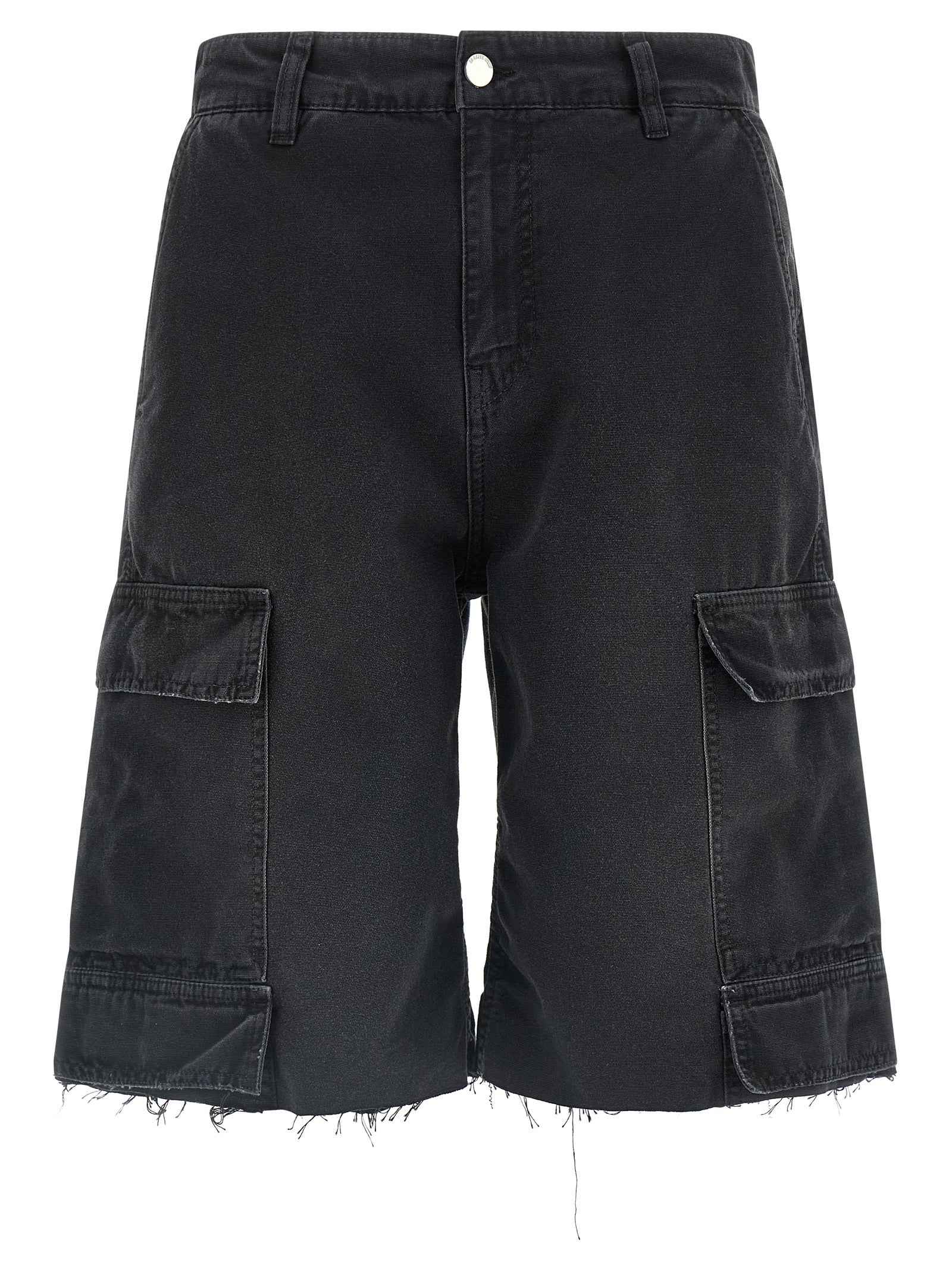 Black Cotton Bermuda Shorts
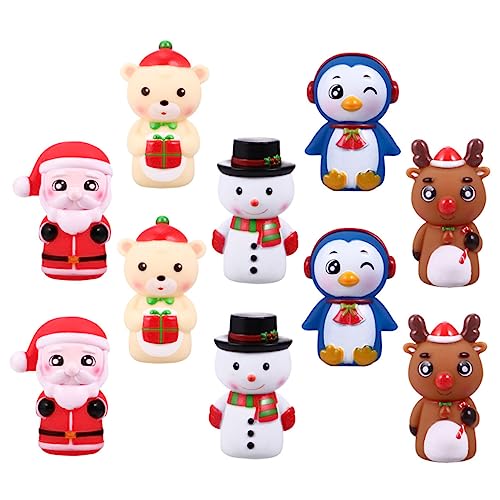 HANABASS 10 Stück Teiliges Weihnachts Fingerpuppen aus Weichem PVC Sichere Handpuppen für Eltern für Rollenspiele Geschichten Erzählen der Kommunikation und Kreativität Perfektes für von HANABASS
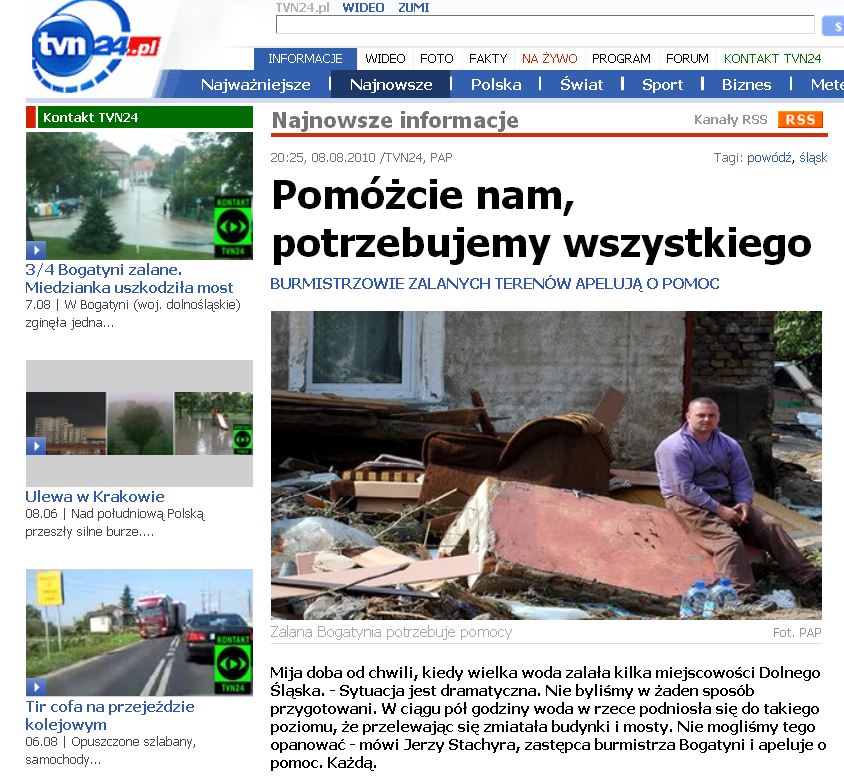 Rozpaczliwe prośby – Pomóżcie nam, potrzebujemy wszystkiego Pomóżcie nam, potrzebujemy wszystkiego Mija doba od chwili, kiedy wielka woda zalała kilka miejscowości Dolnego Śląska. – Sytuacja jest dramatyczna. Nie byliśmy w żaden sposób przygotowani. W ciągu pół godziny...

Task to complete> Pictures aside, reproduce all of the data exactly.

Written solution>
 Black Cotton Bermuda Shorts
 HANABASS 10 Stück Teiliges Weihnachts Fingerpuppen aus Weichem PVC Sichere Handpuppen für Eltern für Rollenspiele Geschichten Erzählen der Kommunikation und Kreativität Perfektes für von HANABASS
 Rozpaczliwe prośby – Pomóżcie nam, potrzebujemy wszystkiego Pomóżcie nam, potrzebujemy wszystkiego Mija doba od chwili, kiedy wielka woda zalała kilka miejscowości Dolnego Śląska. – Sytuacja jest dramatyczna. Nie byliśmy w żaden sposób przygotowani. W ciągu pół godziny...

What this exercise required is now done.